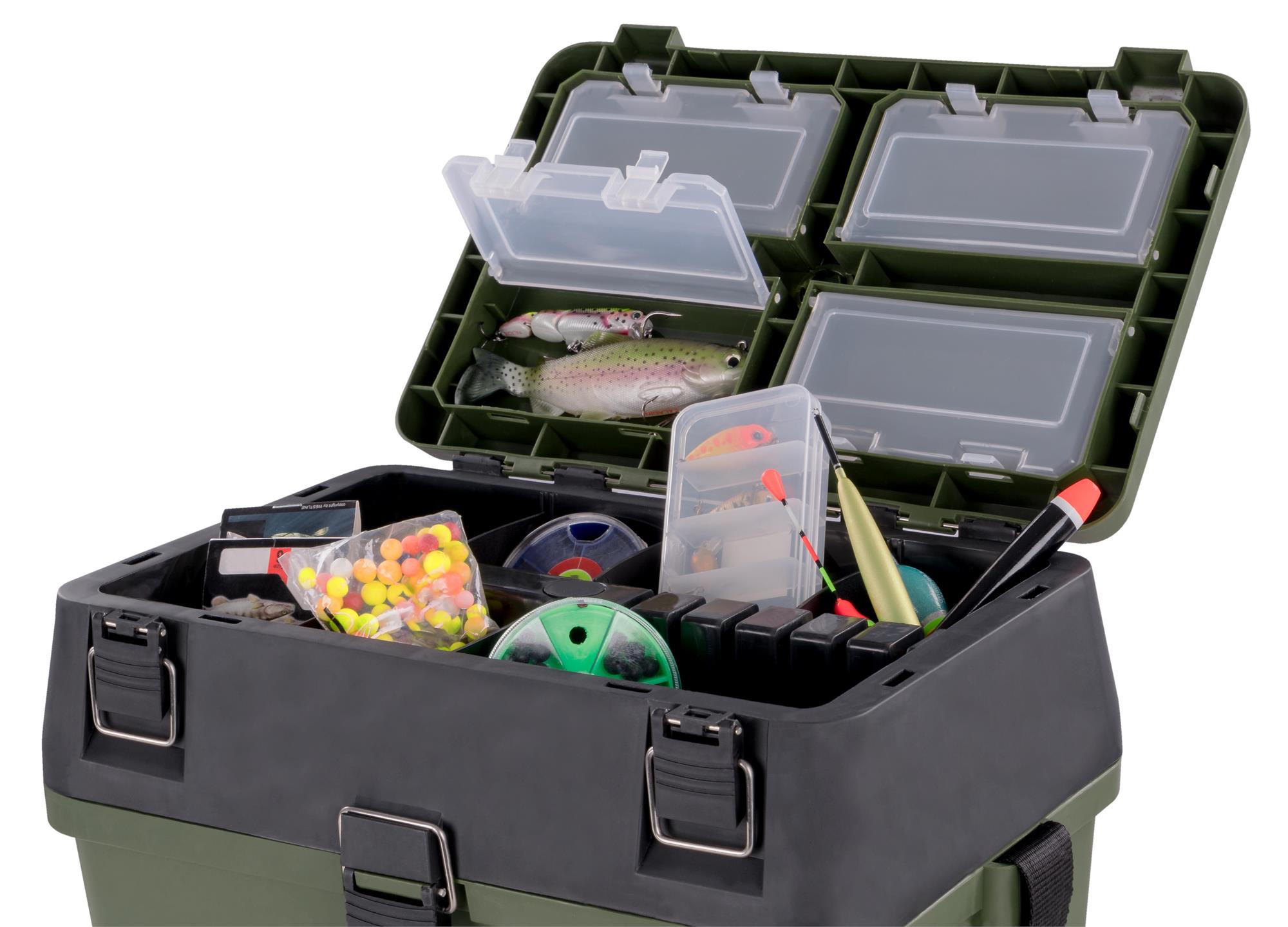 Angelkoffer Angelbox Angeltasche gepolsterte Sitzkiepe inklusive 4 Tackle-Boxen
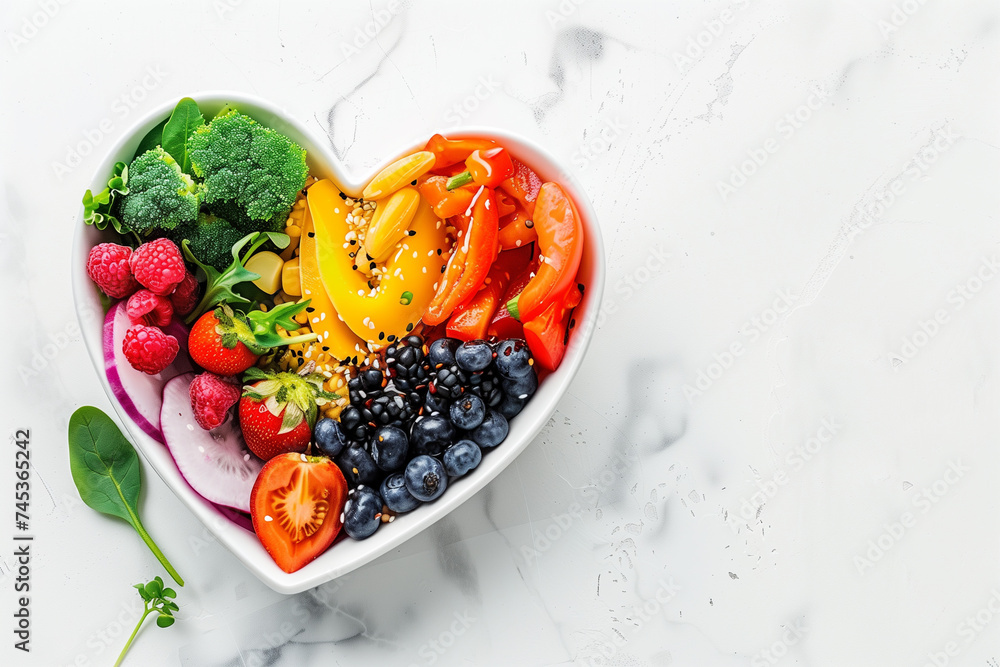 Heart shaped plate with healthy food on white background. - obrazy, fototapety, plakaty 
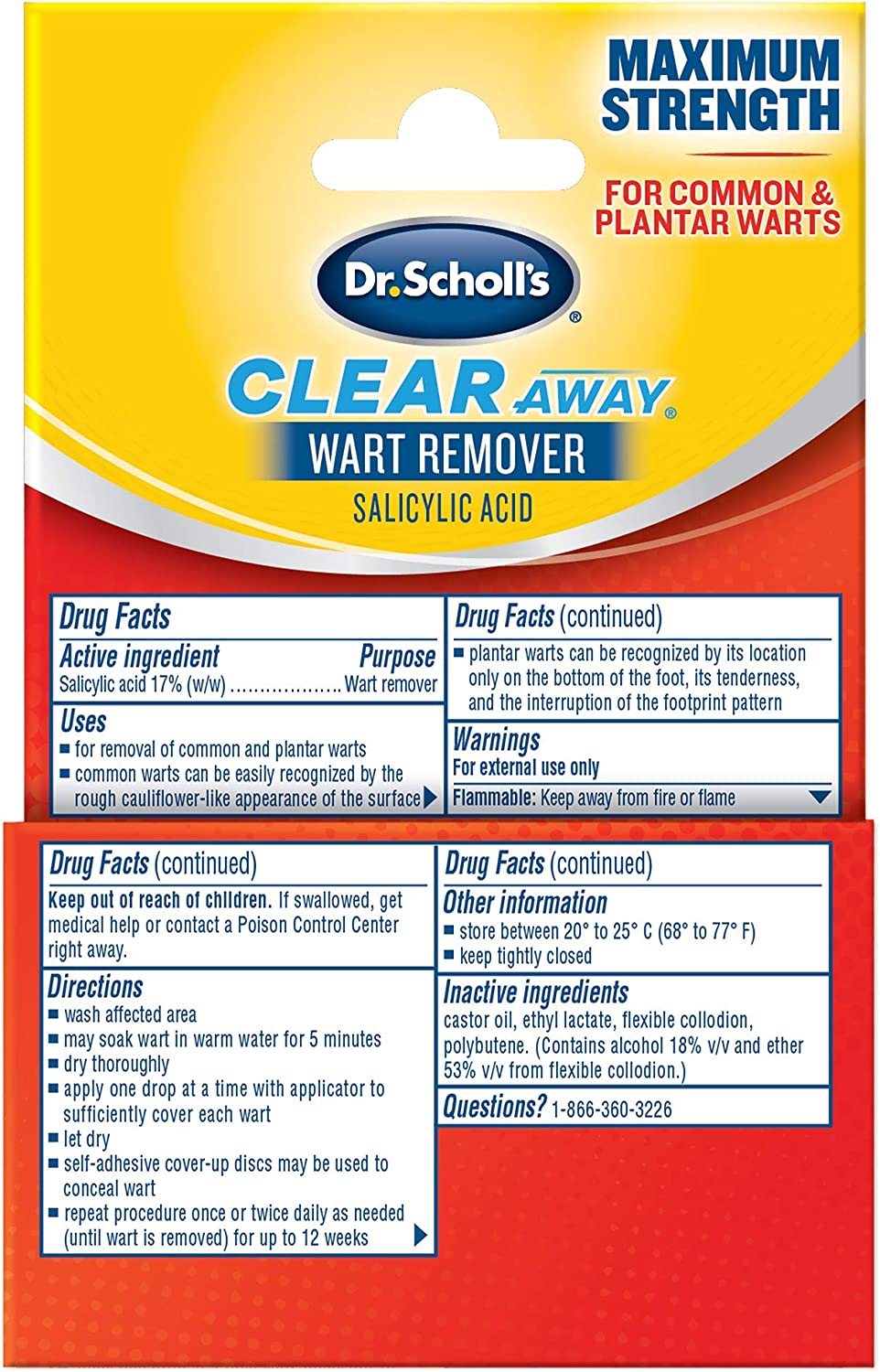 Dr. Scholl's Clear Way Wart Remover for Common & Plantar Warts 1/3 FL OZ 9.8ml (NO BOX)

★ ★ ★ ★ ★ ★ ★

→ **What you should do**:
Find the line containing "Heart shaped plate" in the listing above. Restate it and every line after it, word for word, through the final line, leaving out the pictures.

→ **Solution to this exercise**:
 Heart shaped plate with healthy food on white background. - obrazy, fototapety, plakaty 
 Dr. Scholl's Clear Way Wart Remover for Common & Plantar Warts 1/3 FL OZ 9.8ml (NO BOX)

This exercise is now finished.